Without further ado, here’s a Nirvana/Cobain Bibliography to “sustain you” while you wait for the damn biopic:

With The Lights Out, Nirvana: not only is it a great way to hear Nirvana B-sides, rarities, demos, live stuff and alternate recordings (although it takes away the fun of finding the Outcesticides and other bootlegs), but the boxset also features a DVD that features footage from 1988 in Aberdeen, during some of the band’s first shows. Also “Seasons in the Sun,” where Kurt plays drums and sings, is amazing.

Live Tonight Sold Out!, Nirvana: now this one contains a lot of great footage, and also some really comical interviews of the band, like the one where Kurt has his jacket pulled up over his head, and another from his stint wearing a yellow ballgown on MTV’sHeadbanger’s Ball.

Nirvana Unplugged in New York, Nirvana: probably the most profound of the Unplugged Series (although I also happen to love Alice in Chains’). If you haven’t already seen this, what are you doing?

Heavier Than Heaven, by Charles R. Cross: a lengthy and well-researched biography of Cobain written in 2001, which comes in handy if you’re planning a pilgrimage to Washington and want to hit all of his former dwellings (like I did!).

Last Days, Gus van Sant: an arty film that chronicles the ‘last days’ of a character named ‘Blake’ played by Michael Pitt.
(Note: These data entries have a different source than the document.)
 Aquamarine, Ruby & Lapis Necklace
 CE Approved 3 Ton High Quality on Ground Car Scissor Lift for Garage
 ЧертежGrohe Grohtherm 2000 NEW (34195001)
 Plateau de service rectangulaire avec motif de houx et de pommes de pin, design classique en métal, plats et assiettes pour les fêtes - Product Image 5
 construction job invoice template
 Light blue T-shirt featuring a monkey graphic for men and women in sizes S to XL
Although it drags a lot and is pretty awful, the perk of this film is that it doesn’t spell anything out for you; one already has to know about Cobain to understand how the world of the film represents his life. Also, Courntey appears only as a nagging voice on the telephone, which is a plus.
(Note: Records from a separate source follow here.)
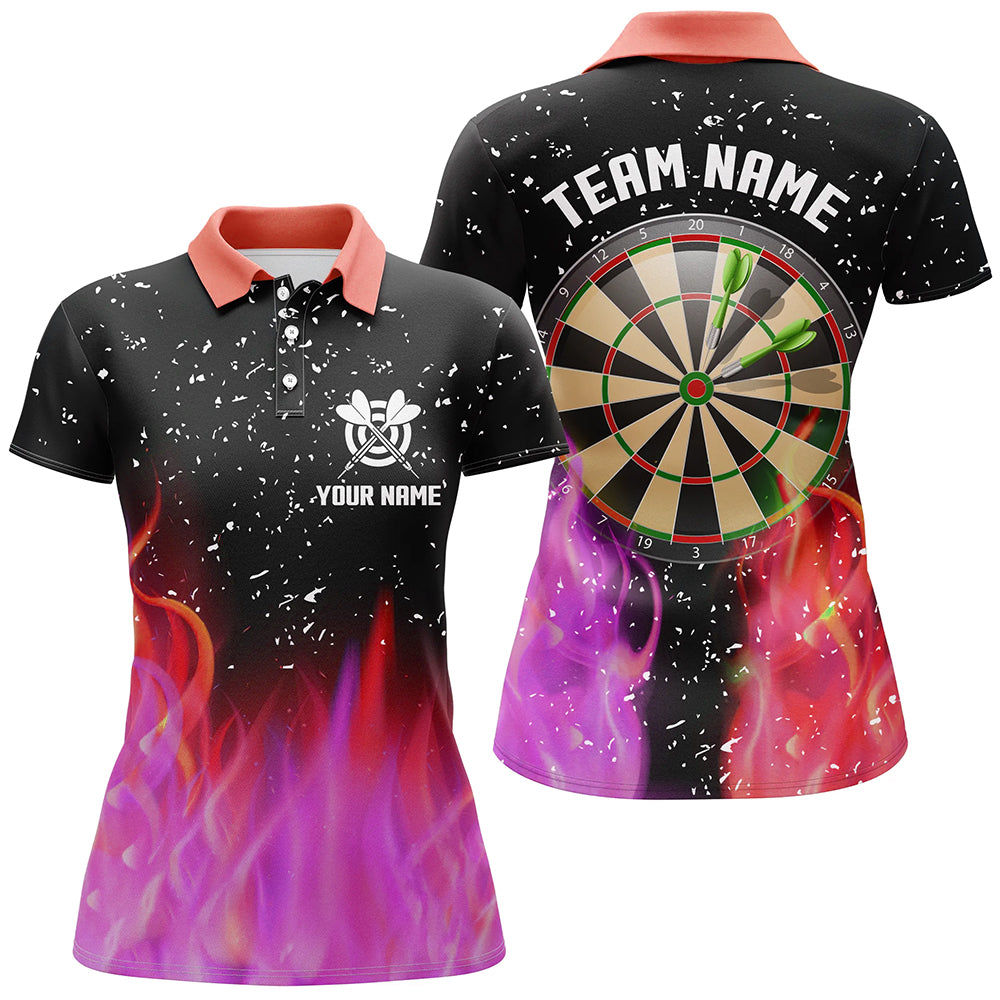 3D Red And Pink Fire Dartboard Women Darts Polo Shirts Custom Dart Shirts For Team Dart Jerseys TDM1213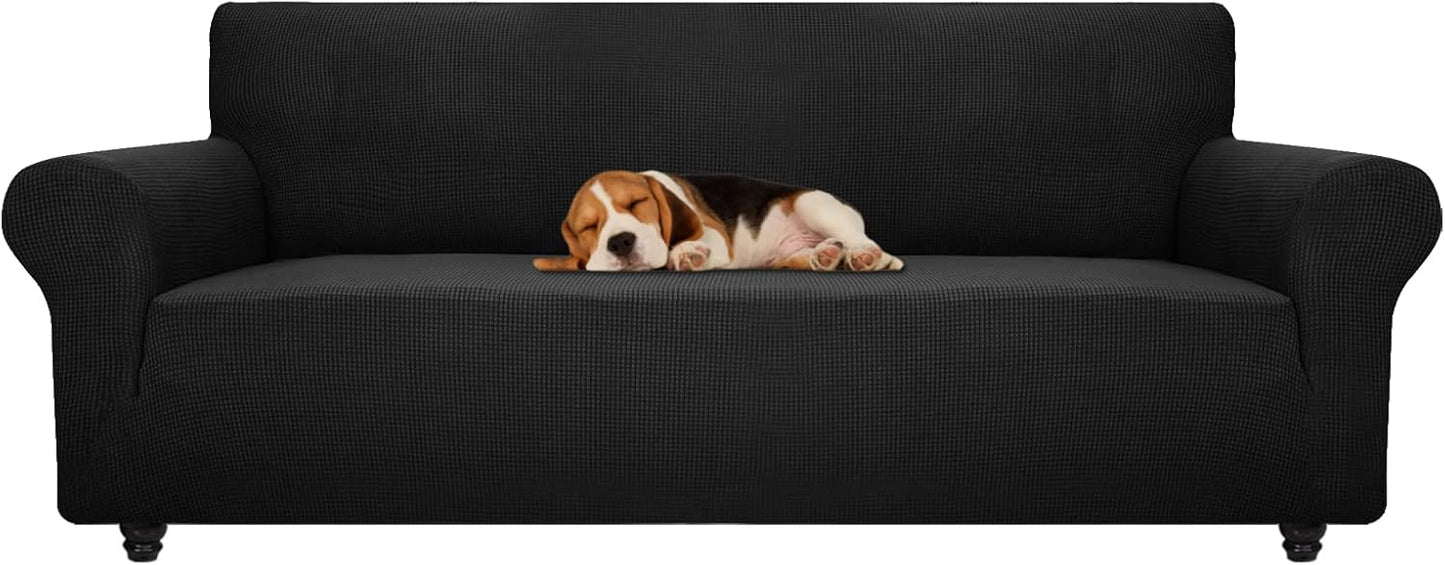 ZNSAYOTX Super Stretch Couch Cover (72"-92") Universal Sofa Covers with Elastic Bottom, Dog Cat Pets Friendly Washable Furniture Protector Fitted Sofa Slipcovers Stay in Place (Dark Grey, Sofa)
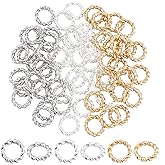 PH PandaHall 60pcs 24K Gold Jumps Rings, 3 Colors 6mm Brass Twisted Jump Rings 18 Gauge Closed Jump Rings Chainmail Rings Jewelry O Rings Connector for DIY Earrings Bracelets Necklaces Keychain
Kurt and Courtney, Nick Broomfield: a 1998 documentary that exposes a lot of dirt on Courtney. Whether or not you care about the murder conspiracy theory, which this film eventually tackles in full, Broomfield interviewed a plethora of note-worthy people, such as Kurt’s Aunt Mary, his best friend Dylan Carlson, one of Frances Bean’s former nannies, and an outraged Julian Cope.
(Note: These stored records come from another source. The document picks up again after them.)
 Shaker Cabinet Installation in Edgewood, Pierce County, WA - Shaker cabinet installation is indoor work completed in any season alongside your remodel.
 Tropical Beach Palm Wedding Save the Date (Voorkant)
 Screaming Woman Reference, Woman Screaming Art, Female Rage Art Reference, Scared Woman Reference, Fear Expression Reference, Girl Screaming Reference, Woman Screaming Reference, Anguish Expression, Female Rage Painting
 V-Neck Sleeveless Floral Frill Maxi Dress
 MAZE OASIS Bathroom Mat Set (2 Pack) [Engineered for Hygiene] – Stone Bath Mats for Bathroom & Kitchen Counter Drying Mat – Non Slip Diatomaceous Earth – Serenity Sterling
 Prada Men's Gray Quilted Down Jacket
About a Son, AJ Schnack: constantly moving images of a Washington backdrop set the stage for confessional audio tapes recorded by Michael Azerrad, from his multiple interviews with Cobain throughout his career. The fact that Azerrad and Cobain became confidants and that Azerrad actually had permission from Cobain to record his thoughts about fame, money, heroin, his childhood, fatherhood, and the future that he wanted for himself gives this film serious credibility, and listening to Kurt’s speaking voice, in all of its emotional ups and downs, is a haunting experience.